Gregor Demarkian himself notes that this is a different kind of mystery for him.
He witnesses a violent attack with lye. (Usually he comes in after the violent events in the book.)
He is away from his accustomed neighborhood. (Quoth the Raven takes place at Independence College in rural Pennsylvania. Only Bennis and Tibor are with Gregor.)
And one of Demarkian's major clues is Lenoir the Raven who flies over the campus pinpointing where the murderer is doing his especially non-cozy murderous dirty work.
The attack and then the murder take place on Halloween. Independence College goes crazy on Halloween. Everyone dresses in a costume. The students make a huge bonfire and burn King George in effigy. And this year, the college schedules former FBI agent Gregor Demarkian to give a lecture on how the FBI investigates serial murders.

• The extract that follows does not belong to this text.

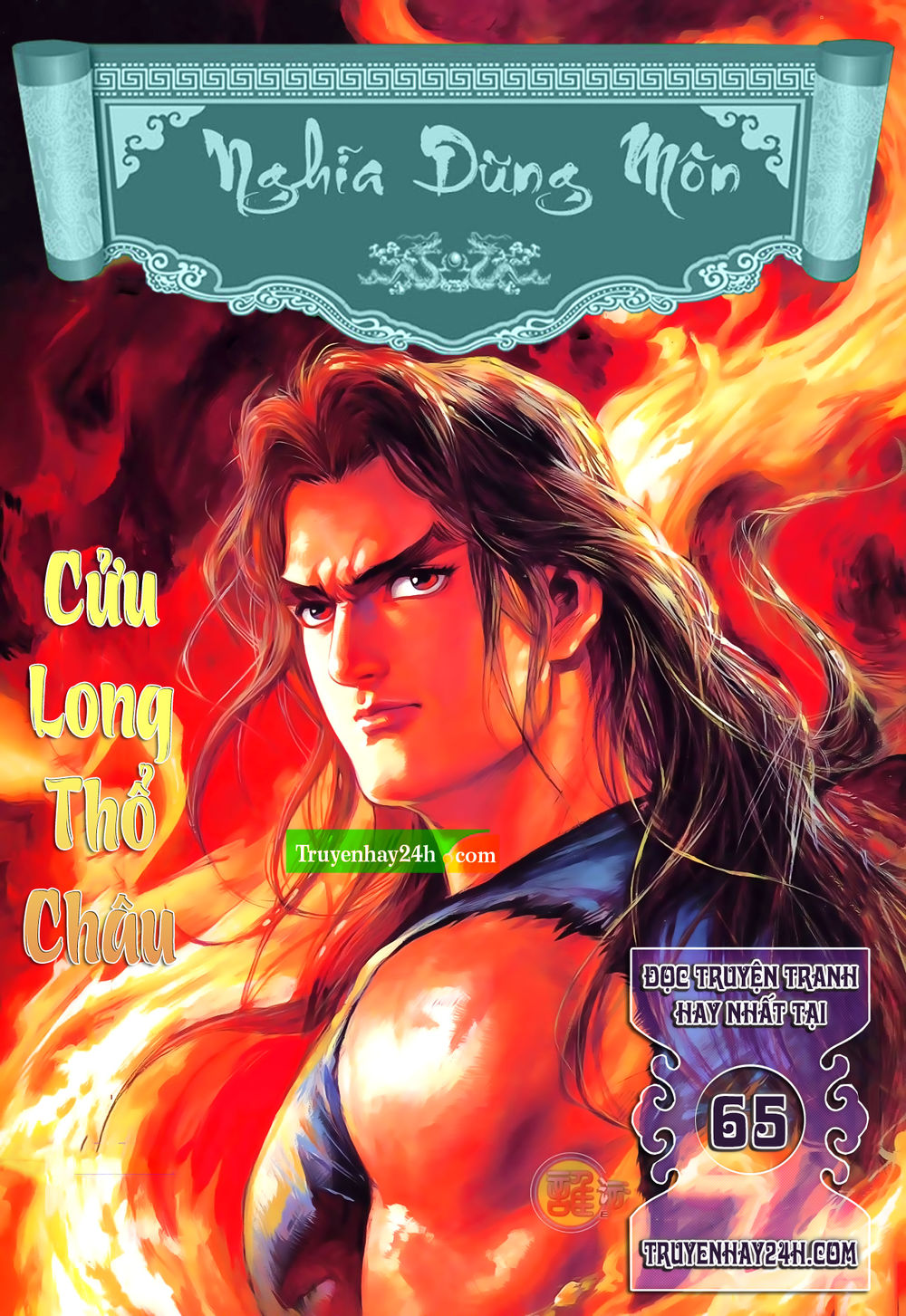 Nghĩa Dũng Môn Chapter 65 - Trang 0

As always, there are many suspects. Each gets his or her sections of the book. We learn about the professor who is a proclaimed witch. We watch two hopelessly in love students. And we follow the nasty intrigues of a small-town college faculty.
In a few ways, Quoth the Raven seems dated. Published in 1991, the book deals with homosexuality in a way that reminds me how much things have changed.
But Quoth the Raven is a typical Gregor Demarkian mystery. I read it for that reason. I like the Demarkian books. I like to follow along as Haddam does her craftsman like thing. She lays out the story. She tells us in detail about each character (often before the murder has occurred). And she has interesting returning characters.
Don't expect these novels to be realistic. Expect them to be a variation of the "reveal it all in the final denouncement" kind of cozy that Agatha Christie made popular.
I still enjoy reading (and rereading) Haddam's Gregor Demarkian books.